Evaluate the given function and fill in the blanks: $\int{\sqrt{\dfrac{\cos x-{{\cos }^{3}}x}{1-{{\cos }^{3}}x}}dx=\_\_\_\_\_\_\_\_\_+C}$
$\left( \text{A} \right)\text{ }\dfrac{2}{3}{{\cos }^{-1}}\left( {{\sin }^{\dfrac{3}{2}}}x \right)$
$\left( B \right)\text{ }\dfrac{2}{3}{{\tan }^{-1}}\left( {{\cos }^{\dfrac{3}{2}}}x \right)$
$\left( \text{C} \right)-\dfrac{2}{3}{{\sin }^{-1}}\left( {{\cos }^{\dfrac{3}{2}}}x \right)$
$\left( D \right)\text{ }\dfrac{2}{3}{{\sin }^{-1}}\left( {{\sin }^{\dfrac{3}{2}}}x \right)$

Answer 1

Hint: In this question we have been given with a question of indefinite integrals which we have to solve.

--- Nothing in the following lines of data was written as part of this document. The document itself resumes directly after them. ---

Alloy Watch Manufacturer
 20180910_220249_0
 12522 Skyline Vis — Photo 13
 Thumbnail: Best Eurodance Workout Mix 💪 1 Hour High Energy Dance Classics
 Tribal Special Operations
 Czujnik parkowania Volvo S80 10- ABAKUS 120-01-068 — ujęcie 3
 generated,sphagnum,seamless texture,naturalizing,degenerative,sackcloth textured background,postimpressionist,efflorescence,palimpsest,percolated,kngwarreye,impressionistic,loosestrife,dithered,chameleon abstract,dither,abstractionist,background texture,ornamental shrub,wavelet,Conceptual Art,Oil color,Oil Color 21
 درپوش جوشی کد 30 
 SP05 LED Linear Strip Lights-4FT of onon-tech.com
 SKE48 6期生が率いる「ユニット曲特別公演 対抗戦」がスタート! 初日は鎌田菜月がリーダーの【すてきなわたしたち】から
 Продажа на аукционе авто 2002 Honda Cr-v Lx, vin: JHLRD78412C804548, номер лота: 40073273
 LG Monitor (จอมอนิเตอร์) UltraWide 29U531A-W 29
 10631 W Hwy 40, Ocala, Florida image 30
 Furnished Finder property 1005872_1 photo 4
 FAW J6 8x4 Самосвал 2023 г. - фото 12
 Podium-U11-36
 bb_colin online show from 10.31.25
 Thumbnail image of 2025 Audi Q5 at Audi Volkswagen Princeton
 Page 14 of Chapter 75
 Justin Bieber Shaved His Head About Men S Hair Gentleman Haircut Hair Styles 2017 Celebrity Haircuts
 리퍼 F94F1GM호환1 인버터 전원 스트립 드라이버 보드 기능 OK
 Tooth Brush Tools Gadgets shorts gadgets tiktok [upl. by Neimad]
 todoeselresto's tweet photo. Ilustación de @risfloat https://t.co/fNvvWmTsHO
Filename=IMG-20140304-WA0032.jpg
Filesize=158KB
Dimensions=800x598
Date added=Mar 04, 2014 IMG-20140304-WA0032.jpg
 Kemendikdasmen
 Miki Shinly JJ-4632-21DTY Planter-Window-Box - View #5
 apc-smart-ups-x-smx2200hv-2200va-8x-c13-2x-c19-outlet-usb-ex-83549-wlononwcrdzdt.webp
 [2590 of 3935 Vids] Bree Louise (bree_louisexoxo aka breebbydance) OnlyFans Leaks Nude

We will first take $\cos x$ common in the numerator and convert it into the form of $\sin x$. We will then use appropriate substitution to get the expression in a simplified manner. After using the formula for integrating we will get the required solution and we will check which option is the correct solution.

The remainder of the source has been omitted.